**Task goal:** Start to finish, return the listing below exactly, pictures excluded.

**Input records:**
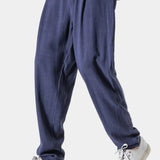 Men's Relaxed Wide Leg Trousers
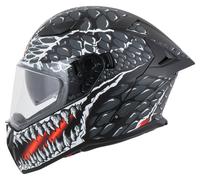 CABERG DRIFT EVO II CROK noir mat-anthracite-rouge L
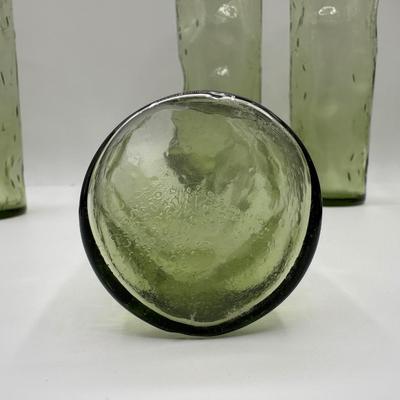 Vintage Tall Skinny Tumblers - Set of 11
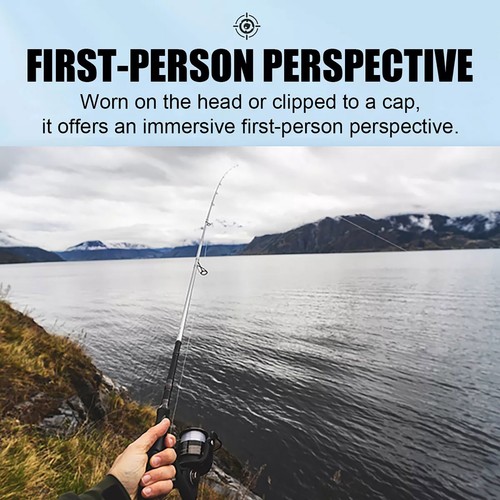 Suitable For GoPro11/10 2-in-1 Hat Clip Quick Detachable Headband Head Strap - Picture 9 of 10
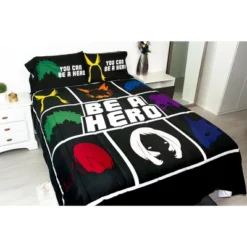 Just Funky My Hero Academia Be A Hero 90x86 Inch Full/Queen Comforter -Bedding Shop GUEST ca7dfda2 ee16 4a48 9d38 9e732254f5f2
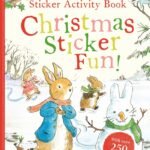 Peter Rabbit Christmas Fun Sticker Activity Book - Fast Shipping to USA & Canada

**Your response:**
 Men's Relaxed Wide Leg Trousers
 CABERG DRIFT EVO II CROK noir mat-anthracite-rouge L
 Vintage Tall Skinny Tumblers - Set of 11
 Suitable For GoPro11/10 2-in-1 Hat Clip Quick Detachable Headband Head Strap - Picture 9 of 10
 Just Funky My Hero Academia Be A Hero 90x86 Inch Full/Queen Comforter -Bedding Shop GUEST ca7dfda2 ee16 4a48 9d38 9e732254f5f2
 Peter Rabbit Christmas Fun Sticker Activity Book - Fast Shipping to USA & Canada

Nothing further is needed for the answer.